Extract text from HTML source files and pre-extracted PDF .txt files
Normalize both texts:
Unicode normalization (curly quotes → straight, em-dashes, non-breaking spaces)
Strip embedded XML/HTML tags from PDF text (e.g., <ahref="...">, </a>)
Remove PDF headers, footers, TOC dot-leaders, bullet markers
Rejoin word fragments split by PDF line breaks
Collapse whitespace
Strip all whitespace from both texts
Diff the stripped texts character-by-character using difflib.SequenceMatcher
Filter empty diffs (both sides empty after stripping are skipped)
Map each character difference back to the original text for readable context
Classify each difference as HIGH, MEDIUM, or LOW severity

LLM Checker (`--llm`)¶

Uses Google Gemini API for semantic analysis. Sends both texts with a structured prompt that asks the model to identify and classify discrepancies. Requires a GOOGLE_API_KEY environment variable.
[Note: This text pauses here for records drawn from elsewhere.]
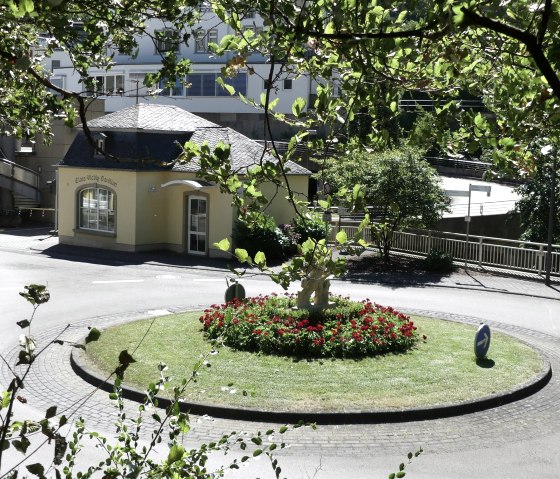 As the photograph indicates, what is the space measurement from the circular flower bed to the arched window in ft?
53.8

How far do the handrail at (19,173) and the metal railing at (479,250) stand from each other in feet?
60.3

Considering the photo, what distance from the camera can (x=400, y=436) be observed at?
1184 centimetres

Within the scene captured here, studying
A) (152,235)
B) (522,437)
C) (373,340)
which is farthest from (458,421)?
(152,235)

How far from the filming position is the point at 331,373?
1423 centimetres

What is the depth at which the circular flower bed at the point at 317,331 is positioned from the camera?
50.2 feet

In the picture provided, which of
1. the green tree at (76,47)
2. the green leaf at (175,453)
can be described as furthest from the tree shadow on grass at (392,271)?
the green leaf at (175,453)

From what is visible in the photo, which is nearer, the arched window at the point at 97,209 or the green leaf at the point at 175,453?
the green leaf at the point at 175,453

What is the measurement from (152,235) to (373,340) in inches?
731

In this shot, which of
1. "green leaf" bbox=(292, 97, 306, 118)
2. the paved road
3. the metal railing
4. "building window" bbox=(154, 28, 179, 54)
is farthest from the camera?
the metal railing

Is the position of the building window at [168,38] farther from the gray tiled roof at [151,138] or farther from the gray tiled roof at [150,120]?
the gray tiled roof at [150,120]

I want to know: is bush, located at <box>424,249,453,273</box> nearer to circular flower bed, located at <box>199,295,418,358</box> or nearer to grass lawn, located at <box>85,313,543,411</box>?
grass lawn, located at <box>85,313,543,411</box>

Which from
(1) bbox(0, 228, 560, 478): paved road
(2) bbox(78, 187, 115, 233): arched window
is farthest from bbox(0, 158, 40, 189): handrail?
(2) bbox(78, 187, 115, 233): arched window

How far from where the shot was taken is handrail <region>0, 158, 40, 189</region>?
41406mm

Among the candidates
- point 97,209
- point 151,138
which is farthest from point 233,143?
point 97,209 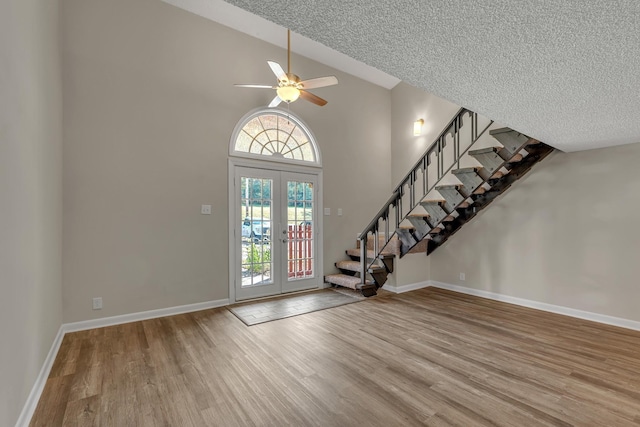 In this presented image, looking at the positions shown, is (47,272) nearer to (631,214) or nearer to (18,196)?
(18,196)

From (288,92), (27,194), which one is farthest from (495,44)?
(27,194)

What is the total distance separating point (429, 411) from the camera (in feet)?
6.19

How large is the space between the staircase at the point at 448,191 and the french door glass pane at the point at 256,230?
4.03 ft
GOOGLE_API_KEY=your-key task test:llm

Severity Classification¶

Severity	Meaning	Examples
HIGH	Substantive content change that may affect meaning	Changed section numbers, missing paragraphs, altered legal references
MEDIUM	Formatting difference worth noting	Section delimiters (`. 202`), punctuation changes, minor reference formatting
LOW	Expected artifact, safe to ignore	PDF headers/footers, TOC page numbers, whitespace-only differences, case-only changes

Classification Rules (in priority order)¶

Whitespace/hyphenation-only difference → LOW
PDF header/footer content → LOW
Case-only change (e.g., NO. → No.) → LOW
Punctuation-only change → MEDIUM
TOC content (dense section number listings) → LOW
Section number delimiter (e.g., .202) → MEDIUM
Changed numbers or section references → HIGH
Substantial text addition/deletion (>50% length difference) → HIGH
Default → MEDIUM

CLI Reference¶

python -m tests.run_qa [OPTIONS]

# Check mode (at least one required)
  --algo                Run algorithmic comparison
  --llm                 Run LLM-based semantic check
  --all                 Run both checks

# Chapter selection (default: all mapped chapters)
  --chapters CH [CH...] Specific chapter IDs (e.g., ch200 ch800)
  --changed-files F [F...] Auto-detect chapters from changed HTML files

# Output
  --format {console,markdown,json,all}  Output format (default: console)
  --output-dir DIR      Directory for markdown/json reports
  --severity-filter {HIGH,MEDIUM,LOW}   Show only this severity and above
  --report PATH         Write incremental markdown report (e.g. PDF_TEXT_TESTS.md)

Project Structure¶

tests/
├── Dockerfile             ← Python 3.11-slim test runner image
├── README.md              ← This file
├── requirements.txt       ← Python dependencies (beautifulsoup4, lxml, google-generativeai)
├── __init__.py            ← Package marker
├── conftest.py            ← Chapter-to-file mapping and path constants
├── text_extractor.py      ← Text extraction and normalization pipeline
├── algorithmic_checker.py ← Character-level diff engine
├── severity.py            ← Rule-based severity classification
├── llm_checker.py         ← Gemini API-based semantic checker
├── llm_prompt.txt         ← Prompt template for LLM checks
├── report.py              ← Report generators (console, markdown, JSON)
├── run_qa.py              ← CLI entry point (with incremental report support)
└── reports/               ← Generated reports (git-ignored)

Adding New Chapters¶

The chapter mapping lives in conftest.py. To add a new chapter:

Ensure the HTML source file exists in CompendiumUI/public/ (e.g., ch300-copyrightable-authorship-src.html)
Ensure the PDF .txt file exists in copyright_compendium_pdfs/ (generated by scripts/pdf_to_text.py)
Add an entry to CHAPTER_MAP in conftest.py:

"ch300": {
    "html": "ch300-copyrightable-authorship-src.html",
    "txt": "ch300-copyrightable-authorship.txt",
    "title": "Copyrightable Authorship",
},

CI / GitHub Actions¶

A GitHub Actions workflow runs automatically on pushes to main that change HTML source files in CompendiumUI/public/. It:

Detects which chapters were modified
Runs the algorithmic checker on those chapters
Runs the LLM checker if the GOOGLE_API_KEY repository secret is set
Uploads reports as workflow artifacts
Posts a summary to the GitHub Actions run

The workflow also supports manual triggering via workflow_dispatch.